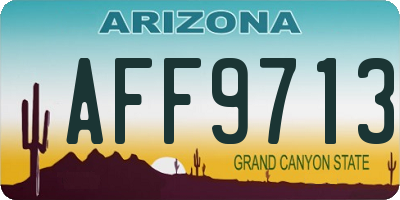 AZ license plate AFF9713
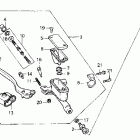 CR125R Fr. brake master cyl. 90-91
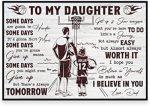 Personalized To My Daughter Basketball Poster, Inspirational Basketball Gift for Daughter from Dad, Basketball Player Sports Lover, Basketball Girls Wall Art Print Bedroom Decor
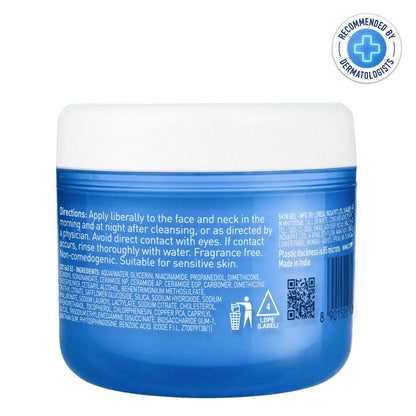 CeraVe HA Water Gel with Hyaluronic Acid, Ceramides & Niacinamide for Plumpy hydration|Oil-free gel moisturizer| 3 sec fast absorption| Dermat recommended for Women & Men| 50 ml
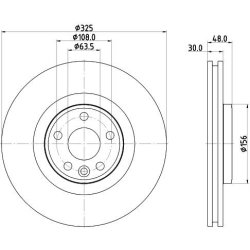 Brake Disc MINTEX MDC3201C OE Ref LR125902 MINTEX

==================================================

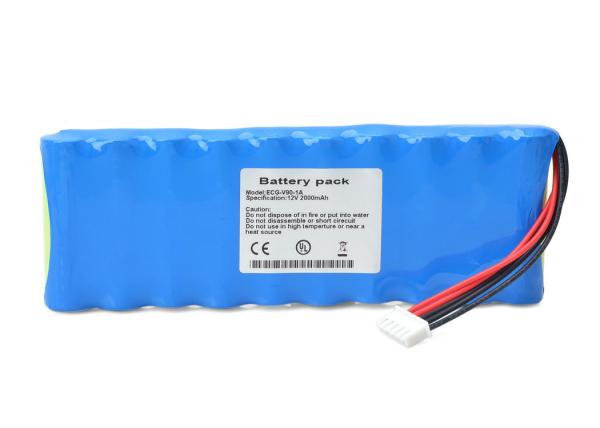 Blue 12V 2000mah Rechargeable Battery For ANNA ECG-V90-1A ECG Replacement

==================================================

WHAT NEEDS TO BE DONE:
Beginning with the line that contains "Personalized To My", write out the lines of the material above exactly, and end with the line that contains "Brake Disc MINTEX". Omit the pictures.

RESULT OF THIS EXERCISE:
 Personalized To My Daughter Basketball Poster, Inspirational Basketball Gift for Daughter from Dad, Basketball Player Sports Lover, Basketball Girls Wall Art Print Bedroom Decor
 CeraVe HA Water Gel with Hyaluronic Acid, Ceramides & Niacinamide for Plumpy hydration|Oil-free gel moisturizer| 3 sec fast absorption| Dermat recommended for Women & Men| 50 ml
 Brake Disc MINTEX MDC3201C OE Ref LR125902 MINTEX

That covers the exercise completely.